The whole day spent with mum was just lovely. I loved our chats on the train, and discussing her own new motherhood experiences over dinner at Prezzo in King’s Cross Station. I felt so grateful for two reasons – getting to share the experience together (after mum’s heart attack 2 years ago I’ve been so fearful about not having her around when I’m a first-time mum), and the fact I was attending an event like that in the first place. It was only 12 weeks ago when I was 100% confident that I wasn’t pregnant and was in the depths of despair. I spent a lot of yesterday just walking around in a daze. Like I was a fraud and was going to be found out at any moment. But stall holders and organisers talked to me like a fully fledged and genuine pregnant woman that deserved to be there, so I did my best to embrace it. And I didn’t cry once, which I was impressed with!
It was quite overwhelming the amount of products and things to consider that were there. From nappies to baby food to maternity bras to baby slings to nursery furtniture to car seats to bottle feeding to skin products… I learnt a lot! But I was also decisive.
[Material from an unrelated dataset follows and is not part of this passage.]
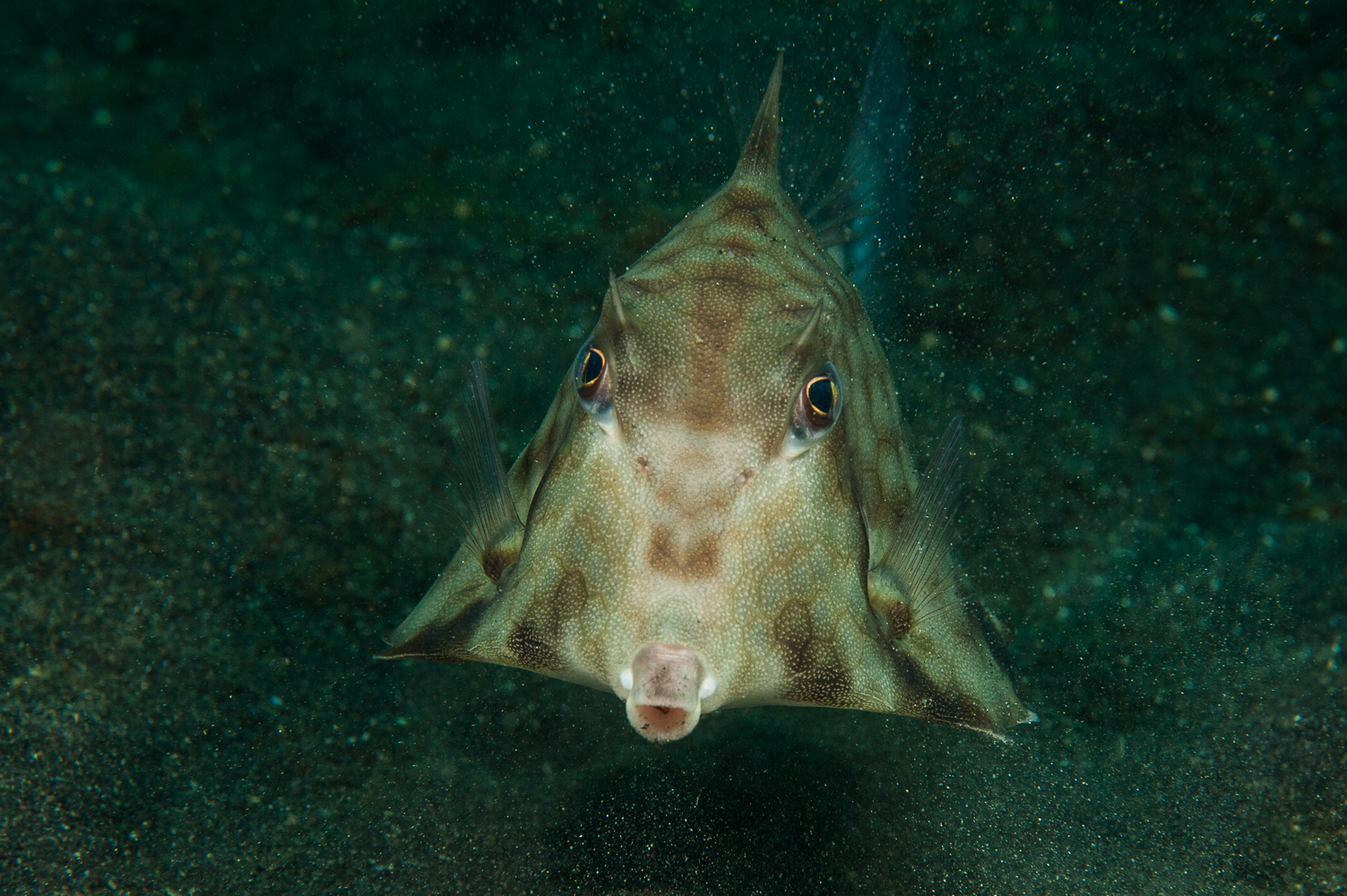 Lactoria pentacantha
If I didn’t like the look of something, or want to hear something from a pushy salesperson, I just walked on by. For example, £69 for a bump support band, that looked like the elastic inner tube of one of the bodycon dresses I have, and fraying too. Or £25 for a baby sling (£50 after the event) when it’s just a 2m length of fabric that is 95% cotton and 5% elastane. When I can buy a piece of similar fabric from Dunhelm Mill for a tenner!
Travel systems were a minefield. But I knew what I liked the look of, and what I didn’t like the look of. We found a Maxi Cosi Stella Pebble travel system – carry cot, pushchair, car seat, car seat base, changing bag and cup holder for £800 all in with a 25% Baby Show discount – and I was so impressed and didn’t feel that I was going to find anything better. It was great value for money, so straightforward to dismantle (compact too) and really easy to manoeuvre. I never went yesterday intending to buy anything but mum surprised me with the offer of buying it for us as a grandparents gift. I really wasn’t expecting that and it was so kind of her and my dad. Although Dave wasn’t there to be involved in exploring the buggy stuff, he trusts my judgement, and our taste and priorities are the same so he knew that what I felt was right, would be the right choice. So we’ve bought the first thing for Cub!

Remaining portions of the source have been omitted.